Type of Internet protocol

The Server-based Certificate Validation Protocol (SCVP) is an Internet protocol for determining the path between an X.509 digital certificate and a trusted root (Delegated Path Discovery) and the validation of that path (Delegated Path Validation) according to a particular validation policy.

==Overview==

When a relying party receives a digital certificate and needs to decide whether to trust the certificate, it first needs to determine whether the certificate can be linked to a trusted certificate. This process may involve chaining the certificate back through several issuers, such as the following case:

   Equifax Secure eBusiness CA-1
      ACME Co Certificate Authority
         Joe User

Currently, the creation of this chain of certificates is performed by the application receiving the signed message. The process is termed "path discovery" and the resulting chain is called a "certification path". Many Windows applications, such as Outlook, use Cryptographic Application Programming Interface (CAPI) for path discovery.

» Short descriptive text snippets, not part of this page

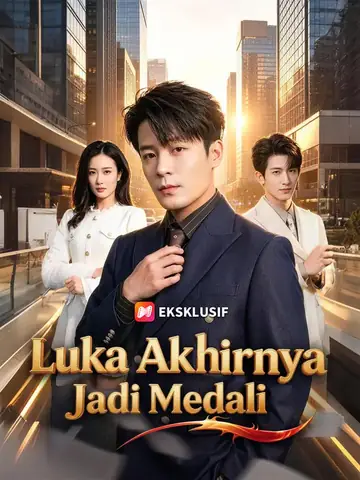 Luka Akhirnya Jadi Medali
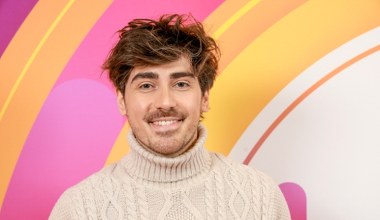 Matteo Brunetti wystąpi w "Tańcu z gwiazdami". To już oficjalne
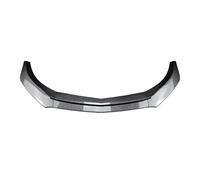 For Mercedes For Benz A Class W176 A200 A260 A45 AMG 2013-2018 Car Front Bumpers Lip Spoiler Accessories IENQBVL(Carbon Fiber Look)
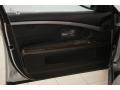 2008 Titanium Silver Metallic BMW 7 Series 750Li Sedan  photo #8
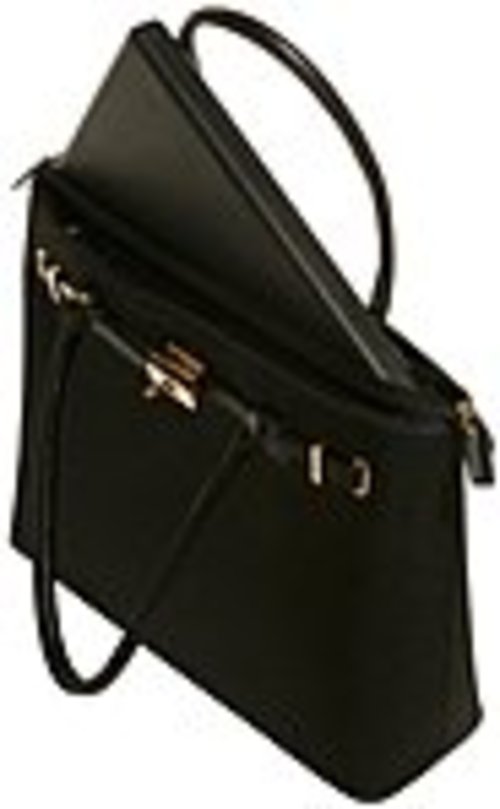 WIB Thoroughbred WIB-EURO1 Carrying Case for 15.6" Notebook - Black - Twill Nylon - Textured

CAPI is capable of building certification paths using any certificates that are installed in Windows certificate stores or provided by the relying party application. The Equifax CA certificate, for example, comes installed in Windows as a trusted certificate. If CAPI knows about the ACME Co CA certificate or if it is included in a signed email and made available to CAPI by Outlook, CAPI can create the certification path above. However, if CAPI cannot find the ACME Co CA certificate, it has no way to verify that Joe User is trusted.

SCVP provides us with a standards-based client-server protocol for solving this problem using Delegated Path Discovery, or DPD. When using DPD, a relying party asks a server for a certification path that meets its needs. The SCVP client's request contains the certificate that it is attempting to trust and a set of trusted certificates. The SCVP server's response contains a set of certificates making up a valid path between the certificate in question and one of the trusted certificates. The response may also contain proof of revocation status, such as OCSP responses, for the certificates in the path.

Once a certification path has been constructed, it needs to be validated. An algorithm for validating certification paths is defined in section 6 (signatures, expiration, name constraints, policy constraints, basic constraints, etc.). Again, this could be done locally by the client or by the SCVP server with Delegated Path Validation.

SCVP facilitates Federated PKIs, such as one with a Bridge Certificate Authority.